## [Directions for this task]
Could you restate word for word only the lines below from the one holding "杭州住哪里旅游方便(杭州住宿推荐)" to the one holding "Böbreklerinizin sağlığına dikkat edin", inclusive, and leave out the pictures?

## [Data in this exercise]
•••••
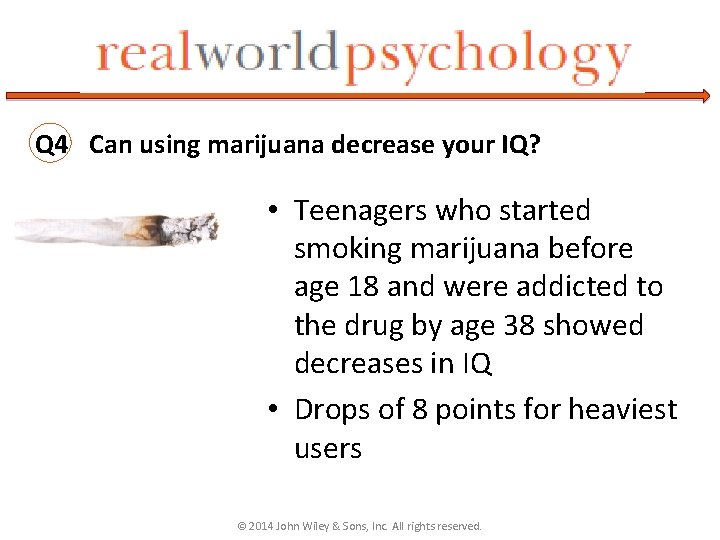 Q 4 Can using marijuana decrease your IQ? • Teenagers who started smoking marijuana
•••••
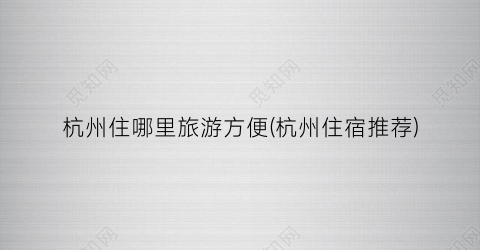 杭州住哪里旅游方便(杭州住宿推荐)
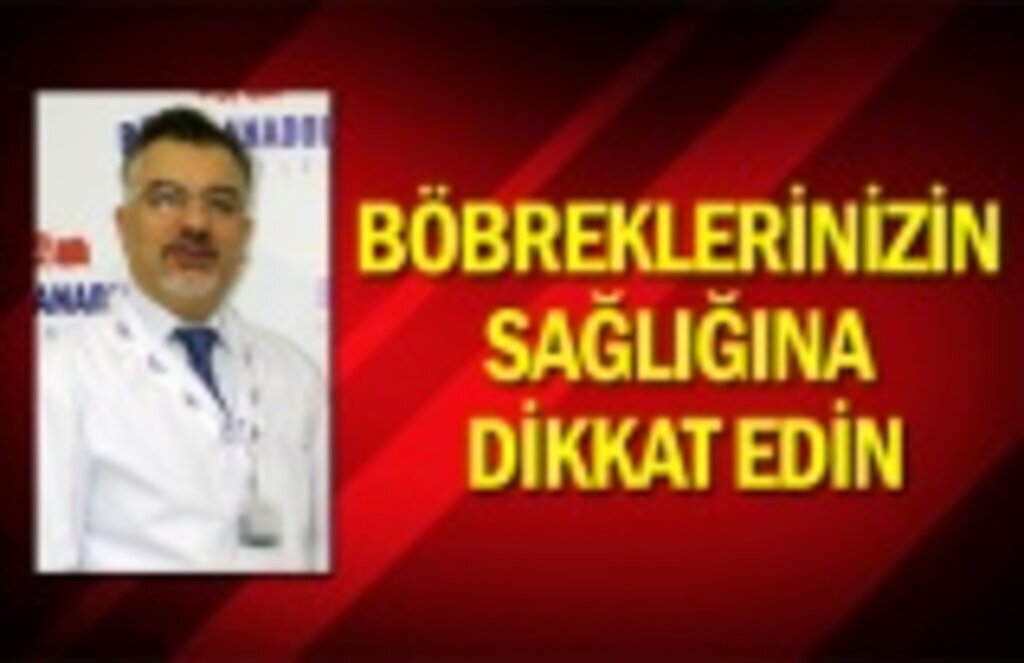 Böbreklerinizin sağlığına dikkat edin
•••••
## [Response]
 杭州住哪里旅游方便(杭州住宿推荐)
 Böbreklerinizin sağlığına dikkat edin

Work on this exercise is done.